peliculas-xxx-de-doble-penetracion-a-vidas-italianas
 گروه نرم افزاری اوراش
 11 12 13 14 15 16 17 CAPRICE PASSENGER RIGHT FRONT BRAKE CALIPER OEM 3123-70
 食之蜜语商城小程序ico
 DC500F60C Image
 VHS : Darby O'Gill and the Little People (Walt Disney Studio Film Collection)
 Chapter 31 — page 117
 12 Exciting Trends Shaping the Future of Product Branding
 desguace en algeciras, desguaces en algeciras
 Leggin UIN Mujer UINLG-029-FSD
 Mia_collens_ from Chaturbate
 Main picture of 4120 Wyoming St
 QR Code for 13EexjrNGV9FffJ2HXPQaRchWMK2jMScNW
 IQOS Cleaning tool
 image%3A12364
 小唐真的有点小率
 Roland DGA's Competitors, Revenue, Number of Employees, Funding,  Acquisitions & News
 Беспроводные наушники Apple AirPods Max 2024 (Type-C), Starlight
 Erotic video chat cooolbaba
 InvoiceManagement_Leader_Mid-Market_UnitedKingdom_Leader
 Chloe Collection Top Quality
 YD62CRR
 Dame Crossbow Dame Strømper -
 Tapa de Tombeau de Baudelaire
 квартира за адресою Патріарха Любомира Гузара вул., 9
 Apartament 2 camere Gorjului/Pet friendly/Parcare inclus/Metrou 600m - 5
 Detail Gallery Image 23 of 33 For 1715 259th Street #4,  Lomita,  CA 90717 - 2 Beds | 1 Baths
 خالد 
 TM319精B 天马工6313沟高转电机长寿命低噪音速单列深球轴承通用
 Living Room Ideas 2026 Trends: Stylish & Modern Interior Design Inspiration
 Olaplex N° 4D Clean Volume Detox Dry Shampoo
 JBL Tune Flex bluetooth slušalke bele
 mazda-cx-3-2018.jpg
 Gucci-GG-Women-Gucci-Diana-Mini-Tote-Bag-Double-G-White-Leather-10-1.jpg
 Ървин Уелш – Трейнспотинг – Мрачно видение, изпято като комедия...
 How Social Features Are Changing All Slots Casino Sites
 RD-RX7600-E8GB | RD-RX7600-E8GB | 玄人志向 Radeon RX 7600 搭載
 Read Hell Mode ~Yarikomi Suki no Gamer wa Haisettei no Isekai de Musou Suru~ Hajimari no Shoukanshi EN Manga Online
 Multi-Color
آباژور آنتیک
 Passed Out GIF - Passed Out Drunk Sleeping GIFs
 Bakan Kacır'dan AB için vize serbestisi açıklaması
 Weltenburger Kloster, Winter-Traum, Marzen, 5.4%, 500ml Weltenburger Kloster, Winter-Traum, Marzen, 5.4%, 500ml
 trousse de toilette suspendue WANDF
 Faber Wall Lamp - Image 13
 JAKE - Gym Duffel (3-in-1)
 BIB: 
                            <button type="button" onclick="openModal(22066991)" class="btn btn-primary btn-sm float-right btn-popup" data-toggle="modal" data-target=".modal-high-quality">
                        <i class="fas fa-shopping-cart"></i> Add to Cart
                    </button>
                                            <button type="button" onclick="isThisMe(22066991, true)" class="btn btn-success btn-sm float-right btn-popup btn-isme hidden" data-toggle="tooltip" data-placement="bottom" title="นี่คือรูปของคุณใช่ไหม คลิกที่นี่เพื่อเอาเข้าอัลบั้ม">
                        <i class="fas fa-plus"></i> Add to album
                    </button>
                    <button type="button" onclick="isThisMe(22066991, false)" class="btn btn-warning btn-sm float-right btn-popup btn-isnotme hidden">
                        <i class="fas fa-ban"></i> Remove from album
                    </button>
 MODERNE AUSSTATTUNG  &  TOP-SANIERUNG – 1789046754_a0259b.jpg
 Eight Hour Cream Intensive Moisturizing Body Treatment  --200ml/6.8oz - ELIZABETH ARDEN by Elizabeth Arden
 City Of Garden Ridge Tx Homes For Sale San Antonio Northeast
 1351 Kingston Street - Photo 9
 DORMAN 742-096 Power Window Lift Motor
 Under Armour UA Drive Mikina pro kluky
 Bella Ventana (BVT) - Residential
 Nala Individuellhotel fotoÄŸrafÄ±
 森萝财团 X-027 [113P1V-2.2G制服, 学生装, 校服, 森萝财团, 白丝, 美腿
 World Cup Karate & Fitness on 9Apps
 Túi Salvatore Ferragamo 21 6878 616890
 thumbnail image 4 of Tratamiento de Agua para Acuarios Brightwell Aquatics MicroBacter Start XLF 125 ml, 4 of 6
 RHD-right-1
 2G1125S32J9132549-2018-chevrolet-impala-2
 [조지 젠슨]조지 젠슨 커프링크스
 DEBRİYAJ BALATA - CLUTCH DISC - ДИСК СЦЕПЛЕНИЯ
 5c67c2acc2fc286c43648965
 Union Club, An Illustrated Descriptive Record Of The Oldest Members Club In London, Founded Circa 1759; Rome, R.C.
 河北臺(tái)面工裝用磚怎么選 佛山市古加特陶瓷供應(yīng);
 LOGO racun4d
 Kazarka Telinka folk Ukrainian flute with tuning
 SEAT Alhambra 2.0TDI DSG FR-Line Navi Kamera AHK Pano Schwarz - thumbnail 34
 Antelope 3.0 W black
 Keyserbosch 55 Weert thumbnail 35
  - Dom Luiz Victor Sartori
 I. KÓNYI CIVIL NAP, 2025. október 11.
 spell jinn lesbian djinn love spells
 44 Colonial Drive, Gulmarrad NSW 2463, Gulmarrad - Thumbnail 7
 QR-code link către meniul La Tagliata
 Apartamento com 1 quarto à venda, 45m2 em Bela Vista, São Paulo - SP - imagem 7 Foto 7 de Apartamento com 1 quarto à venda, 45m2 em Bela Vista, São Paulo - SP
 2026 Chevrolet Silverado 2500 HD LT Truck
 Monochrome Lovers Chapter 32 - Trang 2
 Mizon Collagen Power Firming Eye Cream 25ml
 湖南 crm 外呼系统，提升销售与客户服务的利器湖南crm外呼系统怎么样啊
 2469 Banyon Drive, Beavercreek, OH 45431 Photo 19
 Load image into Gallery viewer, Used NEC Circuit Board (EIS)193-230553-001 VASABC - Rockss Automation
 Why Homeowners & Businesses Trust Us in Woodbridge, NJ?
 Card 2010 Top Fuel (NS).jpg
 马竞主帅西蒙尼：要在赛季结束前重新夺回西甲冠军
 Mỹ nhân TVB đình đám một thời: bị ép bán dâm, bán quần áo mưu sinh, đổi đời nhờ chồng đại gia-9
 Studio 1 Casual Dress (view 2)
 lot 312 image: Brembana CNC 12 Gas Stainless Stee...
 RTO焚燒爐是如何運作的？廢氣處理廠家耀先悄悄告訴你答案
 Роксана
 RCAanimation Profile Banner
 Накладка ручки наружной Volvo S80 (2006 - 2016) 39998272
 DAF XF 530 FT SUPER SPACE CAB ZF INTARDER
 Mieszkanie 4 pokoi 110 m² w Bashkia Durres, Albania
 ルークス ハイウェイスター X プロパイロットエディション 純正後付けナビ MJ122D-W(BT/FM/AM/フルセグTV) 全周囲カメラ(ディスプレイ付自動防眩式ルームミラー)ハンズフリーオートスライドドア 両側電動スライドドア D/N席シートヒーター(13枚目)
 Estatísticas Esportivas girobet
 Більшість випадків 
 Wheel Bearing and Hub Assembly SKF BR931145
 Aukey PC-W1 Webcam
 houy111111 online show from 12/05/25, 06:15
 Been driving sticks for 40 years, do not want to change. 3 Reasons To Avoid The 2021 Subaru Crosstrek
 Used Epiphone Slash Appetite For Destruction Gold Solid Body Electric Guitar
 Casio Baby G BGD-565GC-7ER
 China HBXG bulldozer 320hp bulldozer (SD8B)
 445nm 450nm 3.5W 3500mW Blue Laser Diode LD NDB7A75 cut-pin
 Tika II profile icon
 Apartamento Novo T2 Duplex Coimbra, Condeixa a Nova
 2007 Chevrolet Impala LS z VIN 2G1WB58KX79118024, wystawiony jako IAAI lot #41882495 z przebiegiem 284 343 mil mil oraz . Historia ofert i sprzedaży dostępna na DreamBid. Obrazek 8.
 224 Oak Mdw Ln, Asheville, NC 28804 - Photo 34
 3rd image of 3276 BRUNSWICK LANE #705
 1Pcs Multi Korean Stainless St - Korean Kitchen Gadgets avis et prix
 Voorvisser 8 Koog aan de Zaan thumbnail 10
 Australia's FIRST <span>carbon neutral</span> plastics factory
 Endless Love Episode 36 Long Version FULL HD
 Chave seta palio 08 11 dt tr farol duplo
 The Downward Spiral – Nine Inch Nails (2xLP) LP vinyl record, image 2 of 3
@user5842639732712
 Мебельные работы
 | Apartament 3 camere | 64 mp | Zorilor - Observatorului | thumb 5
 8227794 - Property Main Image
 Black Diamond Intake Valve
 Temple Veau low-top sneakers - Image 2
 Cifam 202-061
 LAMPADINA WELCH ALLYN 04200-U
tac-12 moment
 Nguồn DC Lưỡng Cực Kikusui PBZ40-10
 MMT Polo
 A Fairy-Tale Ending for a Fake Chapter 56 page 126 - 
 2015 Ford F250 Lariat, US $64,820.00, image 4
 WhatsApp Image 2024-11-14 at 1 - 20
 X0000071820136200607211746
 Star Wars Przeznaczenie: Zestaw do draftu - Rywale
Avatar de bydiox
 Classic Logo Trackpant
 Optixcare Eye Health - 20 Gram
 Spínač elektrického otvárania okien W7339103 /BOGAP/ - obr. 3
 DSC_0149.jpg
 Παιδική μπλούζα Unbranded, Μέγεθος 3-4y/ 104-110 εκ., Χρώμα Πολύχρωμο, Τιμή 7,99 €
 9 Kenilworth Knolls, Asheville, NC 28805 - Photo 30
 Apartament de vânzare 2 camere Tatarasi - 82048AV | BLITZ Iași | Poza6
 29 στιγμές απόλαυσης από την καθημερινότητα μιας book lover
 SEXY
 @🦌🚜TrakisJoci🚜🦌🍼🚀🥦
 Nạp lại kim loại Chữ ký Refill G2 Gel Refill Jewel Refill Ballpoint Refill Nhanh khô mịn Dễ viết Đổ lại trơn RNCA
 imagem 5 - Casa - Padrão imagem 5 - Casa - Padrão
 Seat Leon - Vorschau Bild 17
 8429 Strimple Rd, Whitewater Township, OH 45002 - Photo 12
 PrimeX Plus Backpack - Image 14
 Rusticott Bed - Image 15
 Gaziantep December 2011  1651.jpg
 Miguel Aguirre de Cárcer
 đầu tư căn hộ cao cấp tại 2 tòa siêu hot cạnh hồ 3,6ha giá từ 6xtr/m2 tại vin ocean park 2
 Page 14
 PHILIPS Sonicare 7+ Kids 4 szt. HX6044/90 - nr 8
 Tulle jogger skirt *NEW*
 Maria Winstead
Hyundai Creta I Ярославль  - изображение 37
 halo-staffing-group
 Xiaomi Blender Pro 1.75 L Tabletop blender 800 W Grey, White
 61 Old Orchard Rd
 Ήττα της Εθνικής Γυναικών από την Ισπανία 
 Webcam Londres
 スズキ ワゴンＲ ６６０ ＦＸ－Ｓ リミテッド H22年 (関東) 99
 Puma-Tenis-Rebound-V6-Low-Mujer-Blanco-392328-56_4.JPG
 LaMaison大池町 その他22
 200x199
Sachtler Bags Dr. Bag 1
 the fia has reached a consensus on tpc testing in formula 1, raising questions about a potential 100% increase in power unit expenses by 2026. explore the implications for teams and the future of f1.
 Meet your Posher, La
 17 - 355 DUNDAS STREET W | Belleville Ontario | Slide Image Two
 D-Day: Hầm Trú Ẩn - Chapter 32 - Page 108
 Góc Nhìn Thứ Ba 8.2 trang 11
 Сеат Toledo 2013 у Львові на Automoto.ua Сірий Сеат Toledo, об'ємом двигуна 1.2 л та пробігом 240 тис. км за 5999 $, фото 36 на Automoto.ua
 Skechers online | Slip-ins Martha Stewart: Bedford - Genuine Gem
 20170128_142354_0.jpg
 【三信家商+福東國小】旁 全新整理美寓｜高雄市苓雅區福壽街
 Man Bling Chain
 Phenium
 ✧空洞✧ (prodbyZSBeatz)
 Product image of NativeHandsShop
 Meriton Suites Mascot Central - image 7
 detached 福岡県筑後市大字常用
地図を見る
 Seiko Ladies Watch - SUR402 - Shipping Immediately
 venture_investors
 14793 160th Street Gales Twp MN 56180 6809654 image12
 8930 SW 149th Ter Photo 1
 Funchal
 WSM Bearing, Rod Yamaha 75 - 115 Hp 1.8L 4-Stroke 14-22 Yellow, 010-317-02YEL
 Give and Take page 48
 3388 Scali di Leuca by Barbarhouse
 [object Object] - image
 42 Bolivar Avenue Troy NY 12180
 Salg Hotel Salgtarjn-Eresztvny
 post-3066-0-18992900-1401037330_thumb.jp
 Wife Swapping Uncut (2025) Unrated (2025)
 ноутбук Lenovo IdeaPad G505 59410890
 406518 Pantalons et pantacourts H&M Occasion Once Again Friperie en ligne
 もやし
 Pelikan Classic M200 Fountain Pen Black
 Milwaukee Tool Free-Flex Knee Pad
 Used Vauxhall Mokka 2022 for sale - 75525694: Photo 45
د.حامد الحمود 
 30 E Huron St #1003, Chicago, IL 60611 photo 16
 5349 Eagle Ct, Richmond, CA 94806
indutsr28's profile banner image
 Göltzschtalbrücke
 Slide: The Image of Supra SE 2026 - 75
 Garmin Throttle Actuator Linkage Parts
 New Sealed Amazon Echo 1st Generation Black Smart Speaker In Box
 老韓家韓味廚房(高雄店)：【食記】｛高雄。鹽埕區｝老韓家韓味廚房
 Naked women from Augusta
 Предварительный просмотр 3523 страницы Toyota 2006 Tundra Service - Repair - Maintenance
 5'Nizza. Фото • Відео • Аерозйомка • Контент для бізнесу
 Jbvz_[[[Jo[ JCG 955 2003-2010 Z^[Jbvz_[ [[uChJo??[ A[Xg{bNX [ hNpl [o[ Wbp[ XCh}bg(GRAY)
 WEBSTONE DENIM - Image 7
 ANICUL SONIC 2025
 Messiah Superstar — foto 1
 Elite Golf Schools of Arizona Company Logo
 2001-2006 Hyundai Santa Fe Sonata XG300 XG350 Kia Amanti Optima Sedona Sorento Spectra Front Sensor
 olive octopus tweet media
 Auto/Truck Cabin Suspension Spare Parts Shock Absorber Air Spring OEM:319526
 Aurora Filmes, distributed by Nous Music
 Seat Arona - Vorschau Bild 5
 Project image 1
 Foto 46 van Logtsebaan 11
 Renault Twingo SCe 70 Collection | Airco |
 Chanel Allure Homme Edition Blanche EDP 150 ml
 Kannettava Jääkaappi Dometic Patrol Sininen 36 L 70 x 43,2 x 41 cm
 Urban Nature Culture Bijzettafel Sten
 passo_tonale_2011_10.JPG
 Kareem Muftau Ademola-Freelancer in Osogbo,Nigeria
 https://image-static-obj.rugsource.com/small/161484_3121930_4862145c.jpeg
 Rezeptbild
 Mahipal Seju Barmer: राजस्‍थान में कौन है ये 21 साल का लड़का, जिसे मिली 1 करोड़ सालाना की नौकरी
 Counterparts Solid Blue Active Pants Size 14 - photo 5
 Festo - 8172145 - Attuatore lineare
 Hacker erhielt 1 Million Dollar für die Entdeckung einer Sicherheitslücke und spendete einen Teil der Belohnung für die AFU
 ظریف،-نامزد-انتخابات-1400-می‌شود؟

────

One stretch of the lines above is wanted, from the line that contains "Olaplex N° 4D Clean Volume Detox Dry Shampoo" through the line that contains "Bakan Kacır'dan AB". Output it exactly.

EXERCISE ANSWER:
 Olaplex N° 4D Clean Volume Detox Dry Shampoo
 JBL Tune Flex bluetooth slušalke bele
 mazda-cx-3-2018.jpg
 Gucci-GG-Women-Gucci-Diana-Mini-Tote-Bag-Double-G-White-Leather-10-1.jpg
 Ървин Уелш – Трейнспотинг – Мрачно видение, изпято като комедия...
 How Social Features Are Changing All Slots Casino Sites
 RD-RX7600-E8GB | RD-RX7600-E8GB | 玄人志向 Radeon RX 7600 搭載
 Read Hell Mode ~Yarikomi Suki no Gamer wa Haisettei no Isekai de Musou Suru~ Hajimari no Shoukanshi EN Manga Online
 Multi-Color
آباژور آنتیک
 Passed Out GIF - Passed Out Drunk Sleeping GIFs
 Bakan Kacır'dan AB için vize serbestisi açıklaması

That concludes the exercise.